● **What needs to be done**: Output verbatim the lines beginning at the one that contains "17/5/2020 People workout" and ending at the last line of the material, inclusive of both.
-- -- --
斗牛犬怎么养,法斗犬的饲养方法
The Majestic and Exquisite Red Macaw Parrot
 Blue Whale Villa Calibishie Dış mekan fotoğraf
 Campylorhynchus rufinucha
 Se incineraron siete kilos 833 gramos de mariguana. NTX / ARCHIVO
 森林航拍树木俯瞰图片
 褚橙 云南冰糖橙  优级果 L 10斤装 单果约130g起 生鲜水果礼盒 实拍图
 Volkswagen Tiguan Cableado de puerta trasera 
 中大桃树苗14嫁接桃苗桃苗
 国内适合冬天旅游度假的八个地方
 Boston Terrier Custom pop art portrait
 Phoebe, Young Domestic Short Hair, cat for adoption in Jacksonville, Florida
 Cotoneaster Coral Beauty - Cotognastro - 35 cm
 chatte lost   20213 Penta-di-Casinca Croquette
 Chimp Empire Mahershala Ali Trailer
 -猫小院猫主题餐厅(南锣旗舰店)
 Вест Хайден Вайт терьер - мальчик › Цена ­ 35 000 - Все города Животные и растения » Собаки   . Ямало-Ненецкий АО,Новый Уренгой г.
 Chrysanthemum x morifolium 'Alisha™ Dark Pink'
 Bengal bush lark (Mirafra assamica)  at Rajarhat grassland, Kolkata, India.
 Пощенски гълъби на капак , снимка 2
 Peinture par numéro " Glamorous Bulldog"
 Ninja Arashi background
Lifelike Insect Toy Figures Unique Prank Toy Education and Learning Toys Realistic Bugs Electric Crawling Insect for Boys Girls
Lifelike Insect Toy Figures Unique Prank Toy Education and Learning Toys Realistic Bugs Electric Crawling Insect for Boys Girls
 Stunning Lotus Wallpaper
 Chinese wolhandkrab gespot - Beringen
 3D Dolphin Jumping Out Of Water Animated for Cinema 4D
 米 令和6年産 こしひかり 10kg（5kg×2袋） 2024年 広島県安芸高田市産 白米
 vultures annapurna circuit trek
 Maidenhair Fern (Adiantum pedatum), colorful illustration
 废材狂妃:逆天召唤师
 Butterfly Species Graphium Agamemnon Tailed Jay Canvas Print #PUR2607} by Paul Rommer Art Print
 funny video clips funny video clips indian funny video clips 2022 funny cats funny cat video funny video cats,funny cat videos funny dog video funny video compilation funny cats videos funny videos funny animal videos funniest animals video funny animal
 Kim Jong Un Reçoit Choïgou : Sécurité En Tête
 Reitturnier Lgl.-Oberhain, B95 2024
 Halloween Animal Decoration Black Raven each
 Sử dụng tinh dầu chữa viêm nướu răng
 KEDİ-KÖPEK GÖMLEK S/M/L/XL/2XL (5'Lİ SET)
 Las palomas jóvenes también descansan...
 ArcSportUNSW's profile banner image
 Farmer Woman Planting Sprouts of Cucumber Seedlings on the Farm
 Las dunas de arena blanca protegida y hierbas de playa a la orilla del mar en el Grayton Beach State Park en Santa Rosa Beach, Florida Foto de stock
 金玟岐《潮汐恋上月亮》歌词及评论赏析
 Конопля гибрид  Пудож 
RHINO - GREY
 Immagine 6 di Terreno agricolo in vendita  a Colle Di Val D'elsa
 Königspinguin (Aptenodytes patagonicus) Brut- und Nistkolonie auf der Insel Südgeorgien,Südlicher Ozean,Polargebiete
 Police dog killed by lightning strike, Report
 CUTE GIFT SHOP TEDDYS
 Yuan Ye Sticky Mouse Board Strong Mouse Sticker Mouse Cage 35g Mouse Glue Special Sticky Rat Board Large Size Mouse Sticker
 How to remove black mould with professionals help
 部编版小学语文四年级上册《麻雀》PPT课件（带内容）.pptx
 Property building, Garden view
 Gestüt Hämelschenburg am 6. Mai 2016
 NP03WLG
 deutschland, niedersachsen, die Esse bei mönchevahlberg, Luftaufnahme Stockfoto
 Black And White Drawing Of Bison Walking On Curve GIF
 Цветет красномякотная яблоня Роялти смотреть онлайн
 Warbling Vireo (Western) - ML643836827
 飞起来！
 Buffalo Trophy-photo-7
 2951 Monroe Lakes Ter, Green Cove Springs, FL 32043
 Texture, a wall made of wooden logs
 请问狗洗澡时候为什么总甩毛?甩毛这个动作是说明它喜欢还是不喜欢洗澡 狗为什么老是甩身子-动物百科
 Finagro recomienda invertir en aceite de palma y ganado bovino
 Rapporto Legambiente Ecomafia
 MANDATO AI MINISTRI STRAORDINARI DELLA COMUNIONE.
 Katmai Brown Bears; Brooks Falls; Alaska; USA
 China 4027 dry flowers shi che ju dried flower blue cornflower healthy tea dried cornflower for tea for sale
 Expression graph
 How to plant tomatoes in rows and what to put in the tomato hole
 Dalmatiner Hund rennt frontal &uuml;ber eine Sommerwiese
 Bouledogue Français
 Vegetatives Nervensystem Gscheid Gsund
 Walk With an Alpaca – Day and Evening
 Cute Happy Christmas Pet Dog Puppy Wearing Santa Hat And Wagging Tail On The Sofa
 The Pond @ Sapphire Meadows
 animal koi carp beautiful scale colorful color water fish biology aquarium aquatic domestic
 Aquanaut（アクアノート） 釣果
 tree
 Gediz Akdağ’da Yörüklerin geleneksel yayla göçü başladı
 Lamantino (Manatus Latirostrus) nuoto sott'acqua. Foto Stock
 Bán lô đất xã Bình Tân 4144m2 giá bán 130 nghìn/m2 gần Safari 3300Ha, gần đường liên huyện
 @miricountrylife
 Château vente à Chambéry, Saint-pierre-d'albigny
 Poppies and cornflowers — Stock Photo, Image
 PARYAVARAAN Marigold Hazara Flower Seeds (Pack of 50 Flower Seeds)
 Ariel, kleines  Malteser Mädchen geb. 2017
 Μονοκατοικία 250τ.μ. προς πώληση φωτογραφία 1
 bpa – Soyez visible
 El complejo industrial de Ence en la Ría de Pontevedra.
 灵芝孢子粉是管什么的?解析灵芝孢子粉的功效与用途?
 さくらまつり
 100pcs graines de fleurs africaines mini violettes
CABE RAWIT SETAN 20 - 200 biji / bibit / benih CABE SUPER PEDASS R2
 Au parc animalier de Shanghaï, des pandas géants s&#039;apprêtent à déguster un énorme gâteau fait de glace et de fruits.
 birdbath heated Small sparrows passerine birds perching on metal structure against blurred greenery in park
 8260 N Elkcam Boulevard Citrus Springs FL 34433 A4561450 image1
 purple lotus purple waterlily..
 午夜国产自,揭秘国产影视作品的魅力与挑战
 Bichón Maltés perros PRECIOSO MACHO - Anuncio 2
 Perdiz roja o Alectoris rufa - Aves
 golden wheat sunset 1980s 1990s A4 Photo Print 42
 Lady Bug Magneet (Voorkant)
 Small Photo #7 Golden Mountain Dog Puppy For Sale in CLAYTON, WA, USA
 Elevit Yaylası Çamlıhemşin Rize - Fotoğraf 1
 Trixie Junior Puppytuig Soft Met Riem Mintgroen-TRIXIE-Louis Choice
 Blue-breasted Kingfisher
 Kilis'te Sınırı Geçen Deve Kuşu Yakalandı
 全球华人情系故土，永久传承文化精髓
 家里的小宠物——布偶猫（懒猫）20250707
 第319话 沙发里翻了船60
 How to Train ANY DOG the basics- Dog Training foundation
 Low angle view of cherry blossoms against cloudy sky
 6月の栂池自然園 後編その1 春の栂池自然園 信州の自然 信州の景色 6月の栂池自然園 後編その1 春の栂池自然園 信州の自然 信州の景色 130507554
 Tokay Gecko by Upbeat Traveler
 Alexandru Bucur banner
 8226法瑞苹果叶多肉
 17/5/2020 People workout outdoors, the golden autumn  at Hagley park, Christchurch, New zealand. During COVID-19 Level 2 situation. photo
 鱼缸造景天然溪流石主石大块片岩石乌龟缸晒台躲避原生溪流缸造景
-- -- --
● **Output**:
 17/5/2020 People workout outdoors, the golden autumn  at Hagley park, Christchurch, New zealand. During COVID-19 Level 2 situation. photo
 鱼缸造景天然溪流石主石大块片岩石乌龟缸晒台躲避原生溪流缸造景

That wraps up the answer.